Algumas medidas observadas, sobretudo nos últimos cinquenta anos, nos oferecem a possibilidade de transformar esse problema em uma situação de aprendizagem coletiva planetária.
Há tempos vimos tomando consciência de algumas questões que hoje se põem na primeira linha de qualquer agenda: a necessidade de revisar as políticas de cuidado dos recursos naturais, repensar como dividimos nosso tempo entre trabalho, afetos, expansão e espiritualidade, pensar e agir para desenvolver a solidariedade entre os seres humanos, fomentar a introspecção e o autoconhecimento, utilizar ferramentas para aquietar a mente e preservá-la do bombardeio de informação, e, em especial, valorizar mais os caminhos da espiritualidade.
A incerteza e a possibilidade real de que se percam vidas e bens pode propiciar mudanças de conduta, e é possível que muitos voltem a pôr os valores morais como prioridades. Só essa ação já será uma transformação positiva.
São momentos para olhar-se para dentro de si. De perguntar-se: “Que papel me cabe cumprir?”. Para cada um a resposta será diferente, entretanto para todos será importante reencontrar o equilíbrio que restitua o nível da balança ao lugar que lhe cabe.
Como Humanidade também necessitamos um novo equilíbrio mundial, que se ocupe de buscar um lugar aos que sofrem, aos que não têm oportunidades, aos explorados, aos excluídos, aos expatriados.
A ciência, a sociologia, a economia devem agudizar sua capacidade de observação e de ação. Os líderes mundiais terão que buscar uma nova ordem, mais direcionada a velar pelas necessidades mais do que para as conquistas.
Há dois anos, escutava um alto funcionário do governo de Israel dizer que, pela primeira vez na história, há disponibilidade de recursos econômicos, sociológicos e científicos para expulsar do planeta a fome e a falta de habitação.
Não espero que essa pandemia vá mudar o mundo radicalmente, mas pode ajudar a repensar a atualidade do mundo. Seguramente, haverá revisões de políticas de estado visualizando prioridades sociais. Embora seja cedo para saber, todos podemos impulsioná-las.
Que seremos capazes de fazer como Humanidade ainda é uma incógnita.
Individualmente e coletivamente, às vezes caímos na tentação de dedicar muito tempo a especular acerca do que esta ou outras crises virão a operar, e, no exercício da imaginação, nos esquecemos de vivê-la em toda sua dimensão.
Temos ainda que trilhar um caminho muito importante. Não sabemos quanto tempo durará, não sabemos quantos adoecerão, nem quantos se curarão, que roteiros tomarão os líderes dos países e que impacto terá na economia. Não deveríamos apressar conclusões.
Para que essa grande dificuldade se transforme num aprendizado individual e coletivo é necessário aceitá-la como parte da evolução natural do planeta que habitamos, tratando de levar essa segurança e serenidade àqueles que dela necessitam.
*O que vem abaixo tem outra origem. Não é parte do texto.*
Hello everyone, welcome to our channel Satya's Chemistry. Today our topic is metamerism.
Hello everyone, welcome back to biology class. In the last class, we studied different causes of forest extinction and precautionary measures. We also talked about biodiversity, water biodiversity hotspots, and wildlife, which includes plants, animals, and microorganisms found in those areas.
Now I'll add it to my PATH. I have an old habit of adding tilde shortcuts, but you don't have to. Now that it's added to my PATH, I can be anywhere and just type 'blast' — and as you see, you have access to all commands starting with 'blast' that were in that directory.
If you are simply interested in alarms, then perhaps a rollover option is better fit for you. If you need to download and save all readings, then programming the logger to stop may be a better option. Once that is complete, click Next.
Para cumprir nosso papel, é necessário trabalhar na temperança, erradicando o medo e o otimismo místico; os dois extremos paralisam ou levam a cometer erros graves.
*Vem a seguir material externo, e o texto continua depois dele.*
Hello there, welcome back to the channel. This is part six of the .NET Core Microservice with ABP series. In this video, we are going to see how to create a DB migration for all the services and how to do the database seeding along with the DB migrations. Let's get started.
Se conseguirmos nos manter serenos, poderemos colaborar solidariamente para ajudar os mais fracos de ânimo e agir onde necessário.
É muito importante estarmos atentos aos acontecimentos, observar o entorno imediato em que podemos fazer algo, sem perder de vista o contexto geral, tratar de apreender o necessário para superar a inédita situação que se nos apresenta.
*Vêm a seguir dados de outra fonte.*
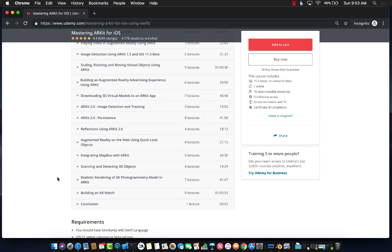So check out this course. There is a coupon of this course available in the description. Go ahead and click on the coupon, get an amazing discount and start learning ARKit. Thank you so much.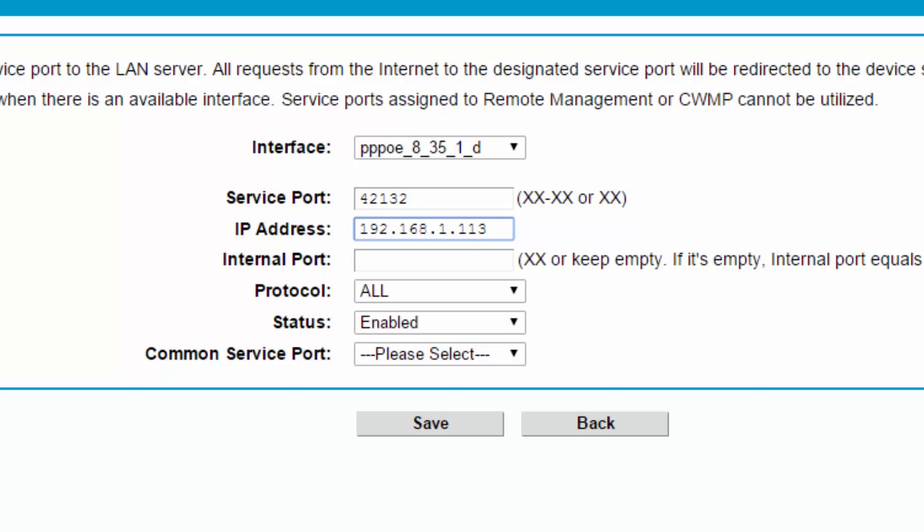The IP address is the IP of our Pi. Internal port is the port that the application is listening to on your Raspberry Pi. For example, a web server listens to port 80. Protocol: set this to all unless specified. Status: you want this to be enabled.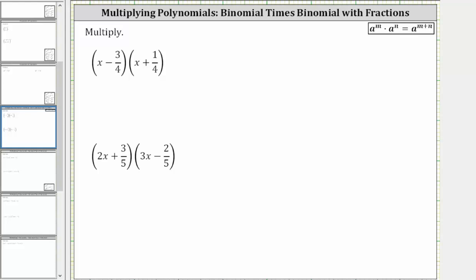We want to multiply the given binomials. To multiply two binomials, we can use the acronym FOIL to determine the four products, or we can just think of repeated distribution. If we want to find the product using repeated distribution, we distribute each term in the first binomial into the second binomial.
Entretanto para essa apreensão é necessário ainda atravessar a crise, pôr à prova nossa capacidade de resistência frente à adversidade, aceitar o que não gostaríamos de enfrentar e ver como funciona nossa resiliência, essa capacidade de sair fortalecidos das tensões.
Como já é de público conhecimento, o próximo Congresso da CEPA, que se realizaria em Salou, foi suspenso até que possamos contar com as condições adequadas.
Quando nos encontrarmos para o próximo Congresso da CEPA, o tema central – O Espiritismo Ante os Desafios Humanos – terá mais significação que nunca, e, então, poderemos analisar o novo cenário e tirar melhores conclusões. Porque teremos transposto, pela Lição da Experiência, o que a Pandemia do mundo globalizado nos haja legado.